I was falling backward, so quickly and forcefully that I was likely to bruise. I reached for the shower curtain rod, but the stupid cheap aluminum buckled into a V shape, and I slammed into the bathtub, tailbone first. He yanked the rod out of my hand, baring his teeth as he strained to unbend the metal into a straight line. I didn’t move. I was absently staring up to the right at the moldy showerhead. Barry enveloped my limp hands in his aggressive ones, pulling me to my feet once more. I let him. Walking slowly to the living room, I scanned the stifling space for my coat that I found hanging on the plastic metal rack. My shoes were in a pile beneath it. I grabbed my things and padded down the stairs in stockings, surprised by my calmness as Barry trailed behind me cursing and afraid.
“You can’t leave, Allyson. You won’t make it down the block.”
I did leave, walking backward to my car with my shoes in hand in the middle of February, staring at him where he stood slouching in the doorway.
I am not thankful for Barry, nor did he teach me any “lessons,” except how to throw a cuff with one hand behind my back. Simply put, Barry was bringing nothing to the table except violence and suffering. I shouldn’t have needed a push to realize it. That night, I decided I was going to respect myself and to demand it from those around me. The alternative was — and is — compromise and self-loathing.
Here I am, very much in one piece, still drawing on the standards I extracted from that grim year-long maelstrom with Barry. The would-be chaotic dating scene at the University, brimming with an infinite number of potential companions, all with varying accents, worldviews and life goals, has been simplified by my self-centered approach to dating. Before I invest more than a second glance, I want to know: “What are you bringing to my party?”
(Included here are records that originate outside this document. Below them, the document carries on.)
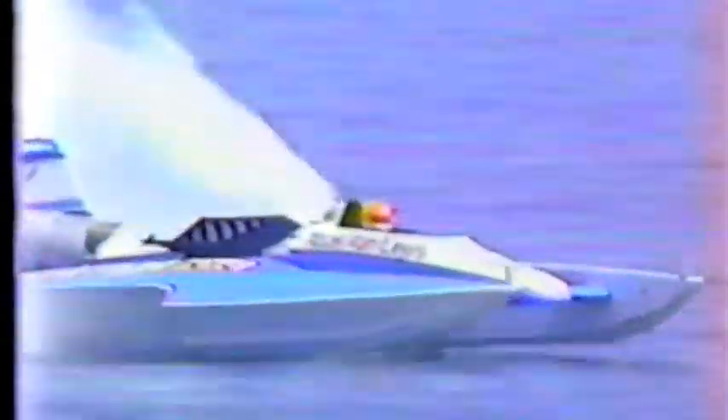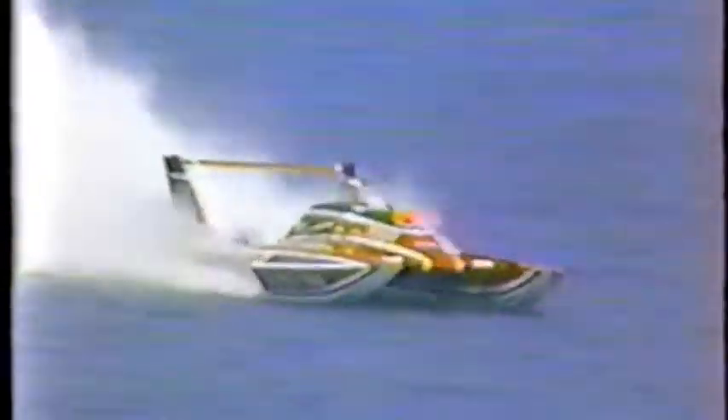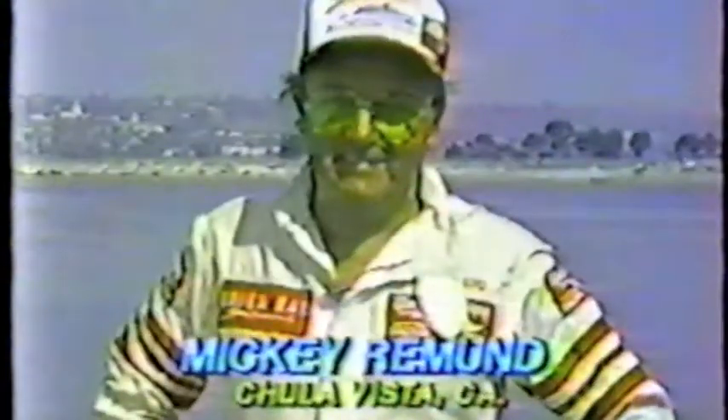Thanks, Chip. Jim Kropfeld took second, Milner Urban third. Heat 1B featured a battle between two hometown boys: two-time national champion Mickey Riemann and veteran Ron Armstrong, wrestling the heaviest boat here. Also in that heat, 1983 Rookie of the Year Todd Yarling.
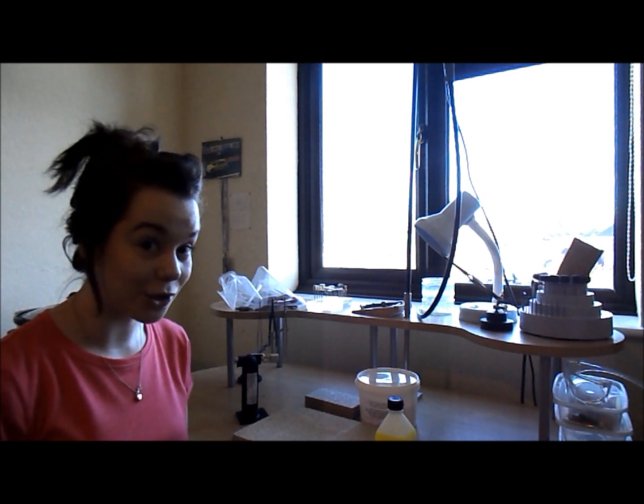Hi, my name is Amy and today I'm going to be showing you the Cooksongold starter soldering kit. I'm going to show you all the bits that you get with it — it's all amazing stuff — and I'm going to show you how they work. If you want to pick this up from Cooksongold, the product code you'll need is 999096Q.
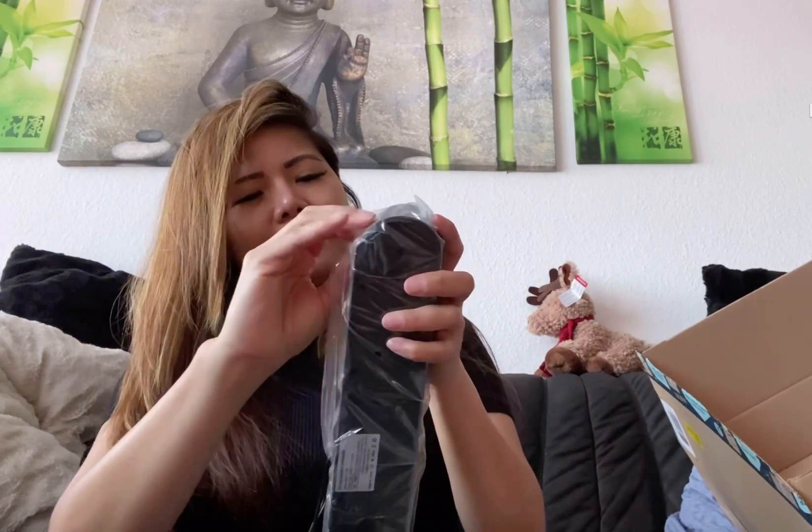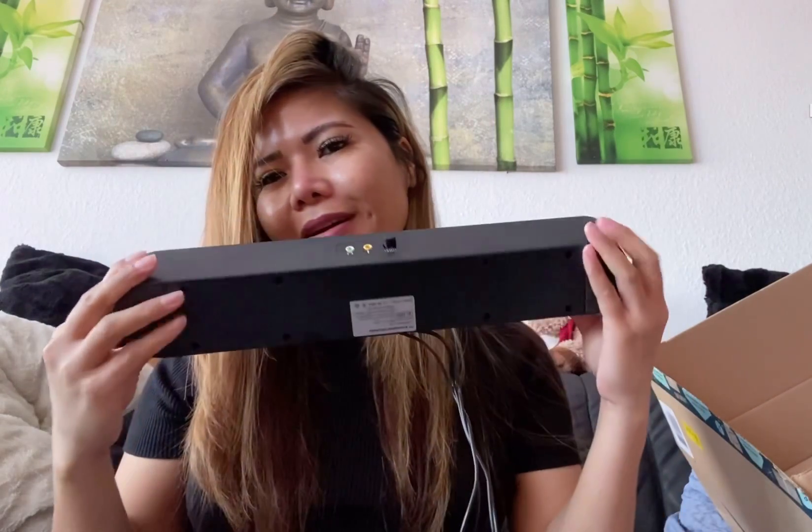Yay, it's a new speaker! So thank you so much guys, and don't forget to hit the notification bell below and subscribe to my YouTube. See you on my live stream, okay? Have a good day, bye!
This philosophy is self-centered, not selfish. It’s necessary: an honest and critical evaluation of someone’s additive potential. Barry was bringing guacamole made with rotten avocados to my party. I don’t blame him for his putrid fruits. My inexperience blinded me. I told him how to treat me. I didn’t know how important guacamole was to the party aesthetic, nor did I realize exactly how many people were waiting behind the velvet rope bearing five-foot speakers, intentionally ordered playlists, crystal punch bowls, red cups and ping-pong balls. Now I know. I’ve hired bouncers. Your clever advances might be tempting, beer-breath biochemistry major and your 4.0 GPA is vaguely impressive, but what am I to do with your stale chips?